### GIVEN INFORMATION

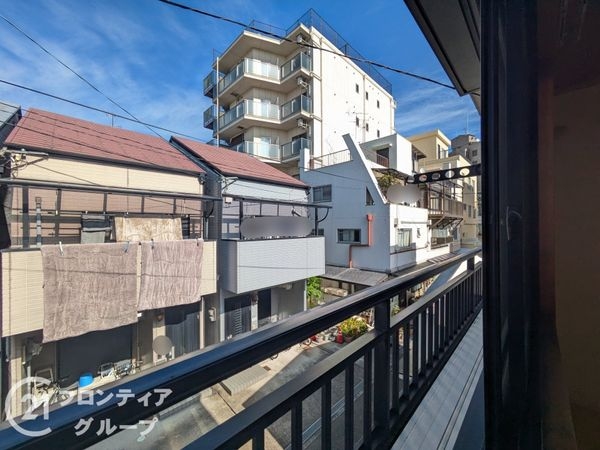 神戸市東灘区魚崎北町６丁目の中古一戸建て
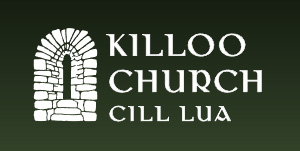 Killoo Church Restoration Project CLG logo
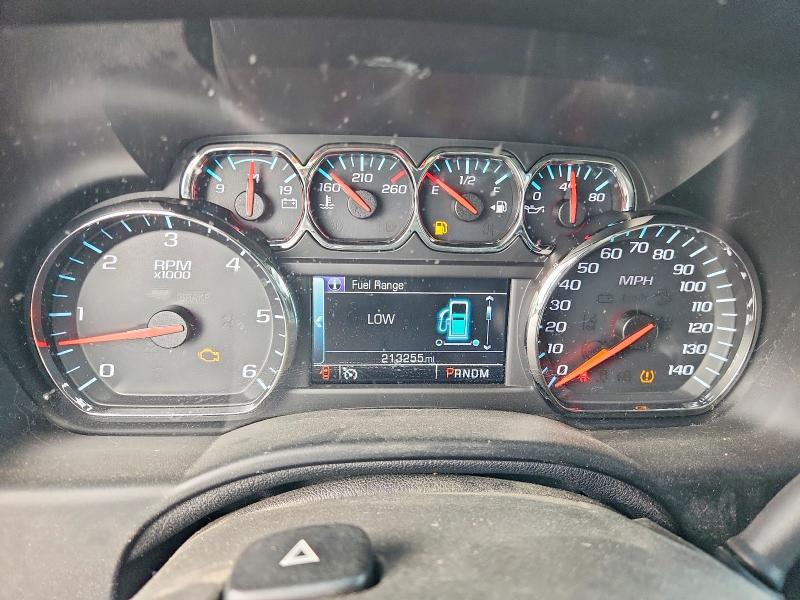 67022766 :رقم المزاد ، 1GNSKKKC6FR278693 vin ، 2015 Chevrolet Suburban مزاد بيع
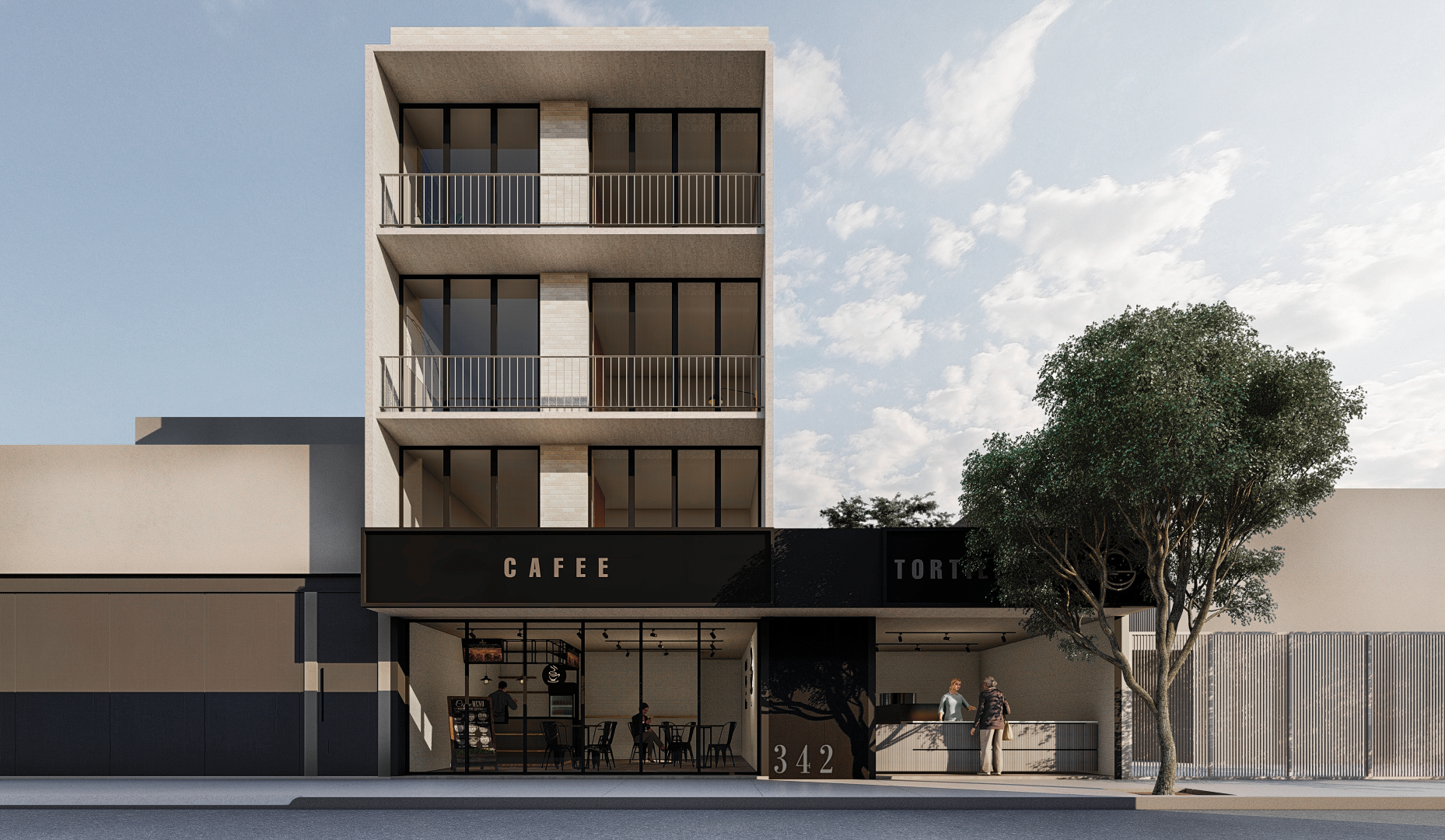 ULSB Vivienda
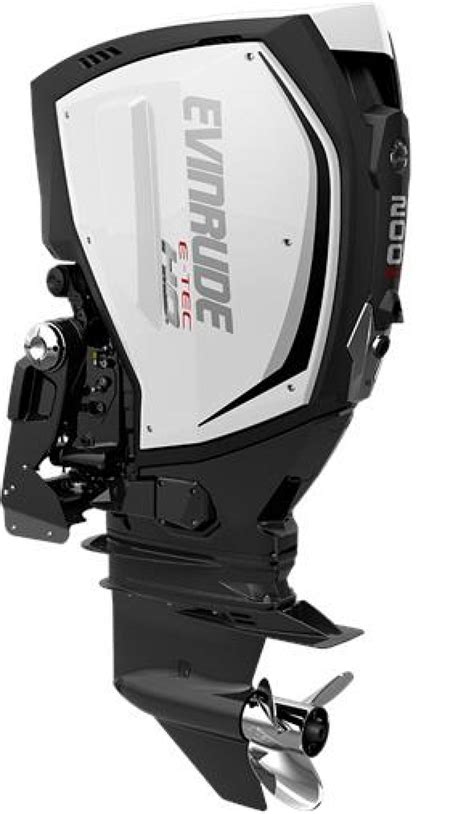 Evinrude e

* * *

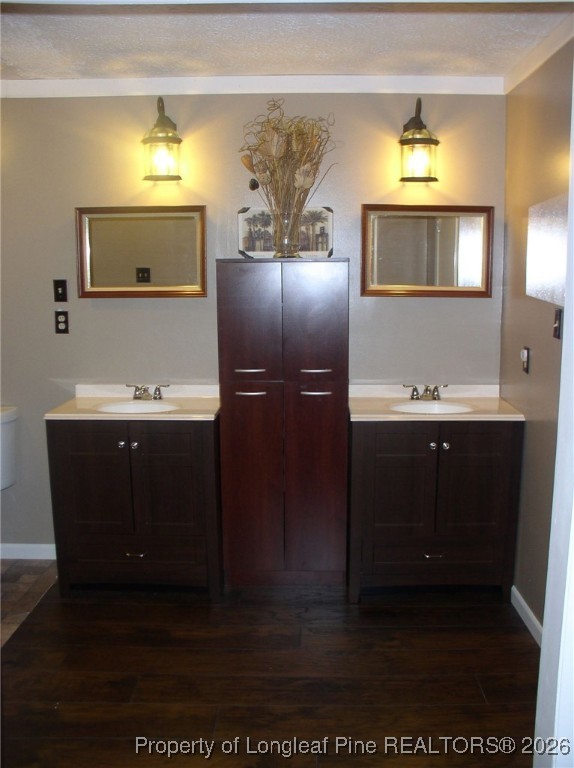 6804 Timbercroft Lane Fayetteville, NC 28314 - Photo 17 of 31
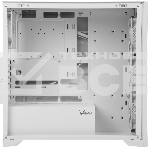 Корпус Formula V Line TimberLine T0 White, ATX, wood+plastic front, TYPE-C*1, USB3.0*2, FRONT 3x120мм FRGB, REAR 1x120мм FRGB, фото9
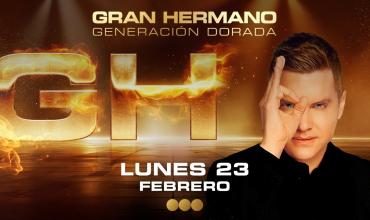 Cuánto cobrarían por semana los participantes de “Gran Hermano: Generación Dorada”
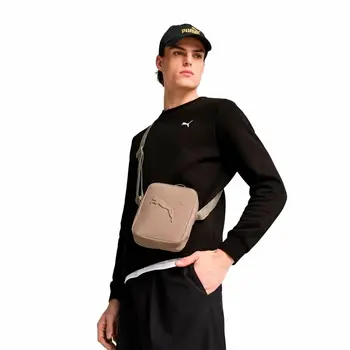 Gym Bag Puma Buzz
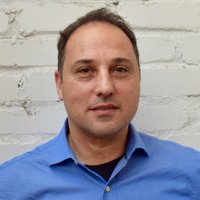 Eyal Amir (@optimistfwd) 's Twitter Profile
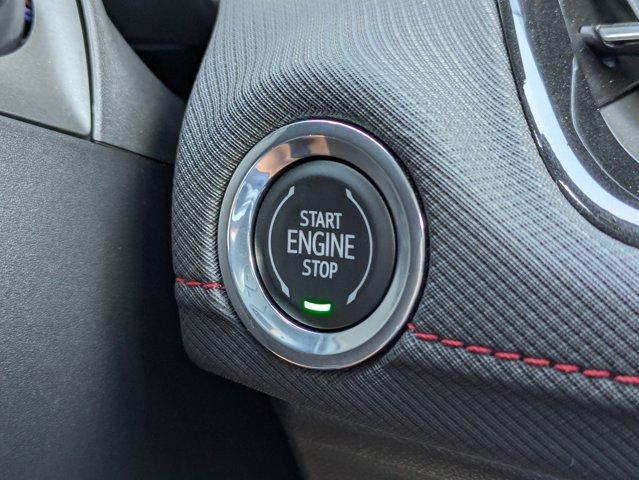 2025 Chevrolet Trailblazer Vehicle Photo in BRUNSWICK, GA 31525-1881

--

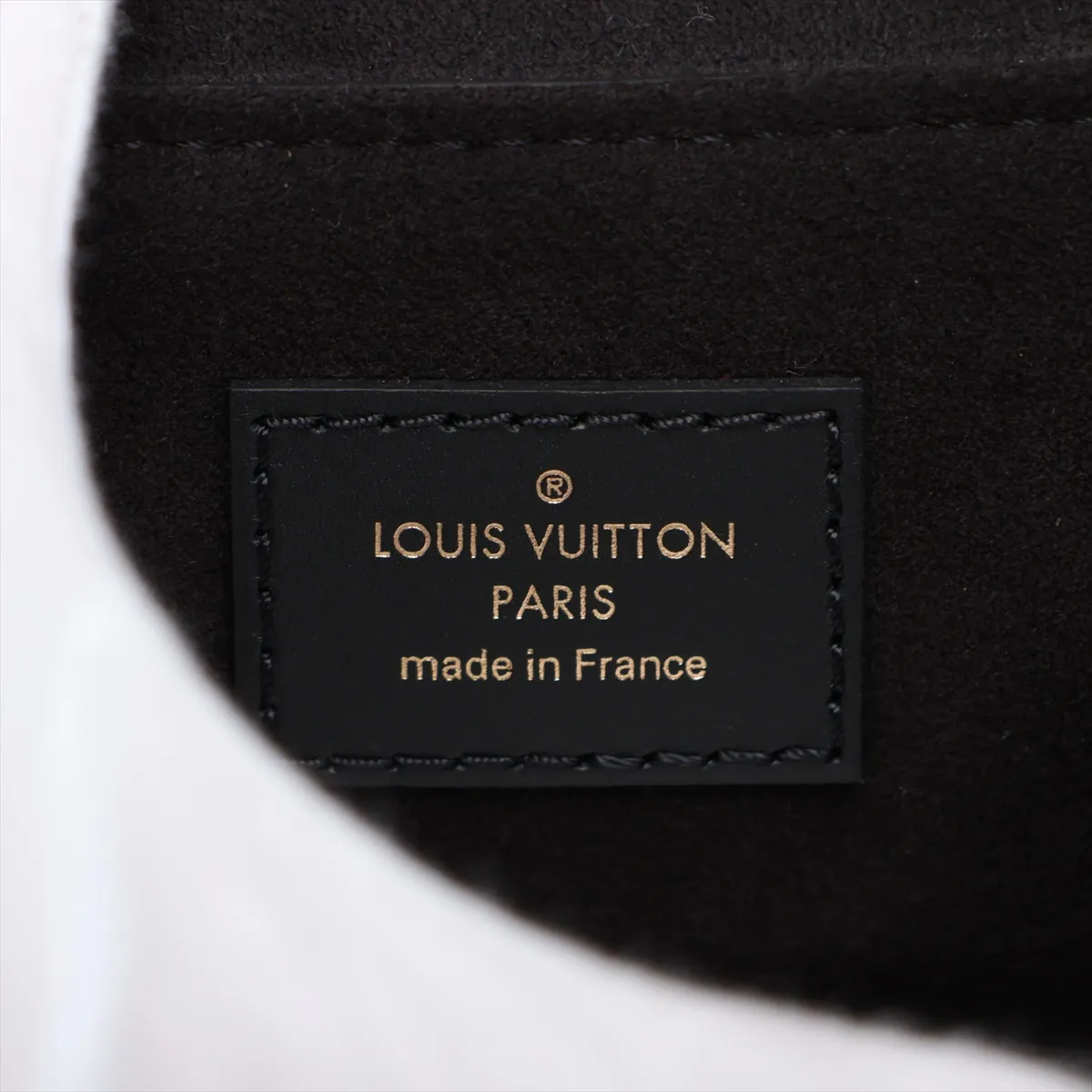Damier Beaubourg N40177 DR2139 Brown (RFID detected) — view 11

### WHAT YOU NEED TO DO
Return exactly the lines that appear in the data above between the line containing "Cuánto cobrarían por" and the line containing "2025 Chevrolet Trailblazer", both of which are included, and leave the pictures out.

### RESPONSE
 Cuánto cobrarían por semana los participantes de “Gran Hermano: Generación Dorada”
 Gym Bag Puma Buzz
 Eyal Amir (@optimistfwd) 's Twitter Profile
 2025 Chevrolet Trailblazer Vehicle Photo in BRUNSWICK, GA 31525-1881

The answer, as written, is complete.